Use TCP/IP connection string to connect to a Firebird database is easy to trace.  The connection string looks like

  • 192.168.5.1:/data/db/test.fdb
  • localhost:/data/db/test.fdb

Please note that localhost is not using local protocol connection but it is a TCP/IP connection using loopback address.

If you encounter “unavailable database” error for TCP/IP connection, please make sure:

  1. You network connection on both end are working and the TCP/IP configuration is correct.  Try to run “PING” to the Firebird server will confirm the connection is working.
  2. Make sure Firebird Service is running
  3. Make sure Firewall doesn’t block Firebird listening port.  Default port number is 3050
  4. Make sure the connection string point to valid Firebird database file

Once you got above verified, the “unavailable database” error prompt should gone.

“unavailable database” happen in Local Protocol

The data transmission throughput for local protocol is few times better than TCP/IP connection.  However, it is easy to encounter “unavailable database” error while using Local Protocol when Firebird is running as service.  The connection string is simple:

  • c:\db\test1.fdb
  • c:\db\test2.fdb

The connection string is the database file path itself without any prefix.

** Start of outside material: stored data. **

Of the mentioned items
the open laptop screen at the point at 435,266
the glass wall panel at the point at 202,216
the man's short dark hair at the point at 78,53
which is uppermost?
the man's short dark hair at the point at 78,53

Using Local Protocol with Firebird 1.5

  Run as Application Run as Service
Windows XP Yes Yes. Only work for first logon user
Windows Vista Yes No

Using Local Protocol with Firebird 2.X

  Run as Application Run as Service
Windows XP Yes Yes.  Work for any number of logon users
Windows Vista Yes No

Please note that Local Protocol only works for:

  1. x86 OS and x86 Firebird
  2. x64 OS and x64 Firebird

Local Protocol doesn’t work for x64 OS and x86 Firebird.

The above tables explains why local protocol sometime work and sometime doesn’t work.